(EXERCISE DATA):
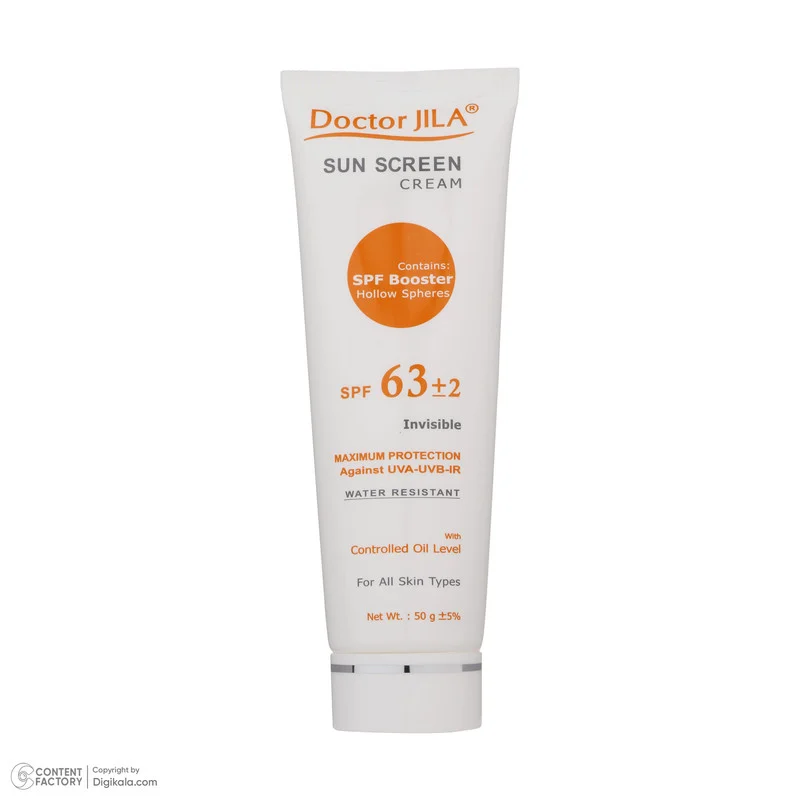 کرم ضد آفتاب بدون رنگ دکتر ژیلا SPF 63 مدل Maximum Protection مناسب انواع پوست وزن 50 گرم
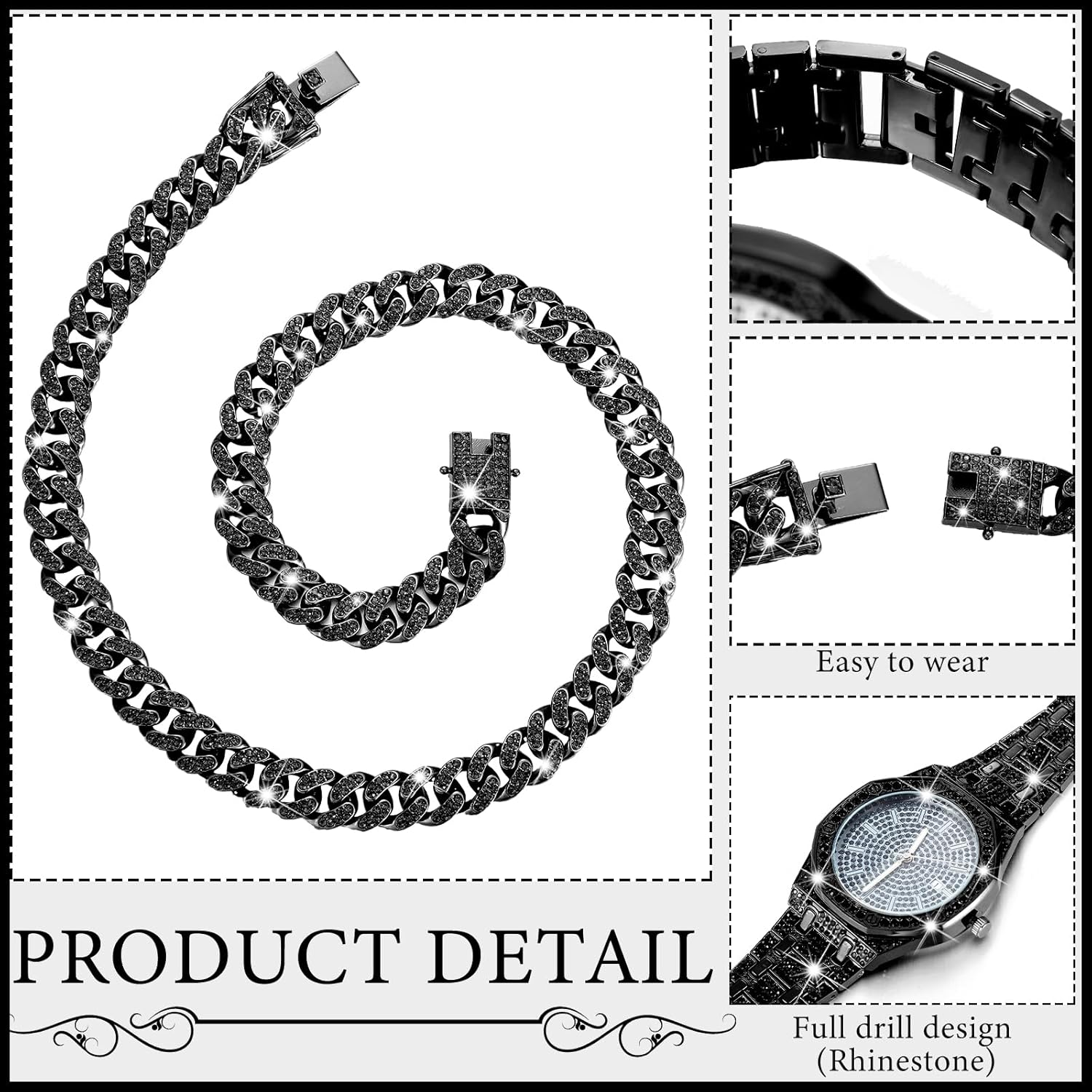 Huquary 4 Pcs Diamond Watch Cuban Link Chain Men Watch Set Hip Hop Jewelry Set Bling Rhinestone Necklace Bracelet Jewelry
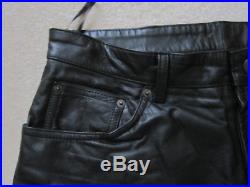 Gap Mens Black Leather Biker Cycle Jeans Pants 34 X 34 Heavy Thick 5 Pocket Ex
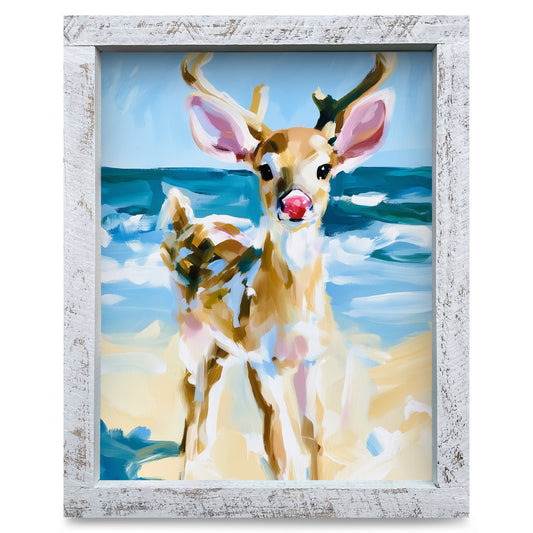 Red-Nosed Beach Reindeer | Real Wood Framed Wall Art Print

(TASK REQUIREMENTS):
Print the material again word for word. Please drop every picture.

(SOLUTION TO THIS EXERCISE):
 کرم ضد آفتاب بدون رنگ دکتر ژیلا SPF 63 مدل Maximum Protection مناسب انواع پوست وزن 50 گرم
 Huquary 4 Pcs Diamond Watch Cuban Link Chain Men Watch Set Hip Hop Jewelry Set Bling Rhinestone Necklace Bracelet Jewelry
 Gap Mens Black Leather Biker Cycle Jeans Pants 34 X 34 Heavy Thick 5 Pocket Ex
 Red-Nosed Beach Reindeer | Real Wood Framed Wall Art Print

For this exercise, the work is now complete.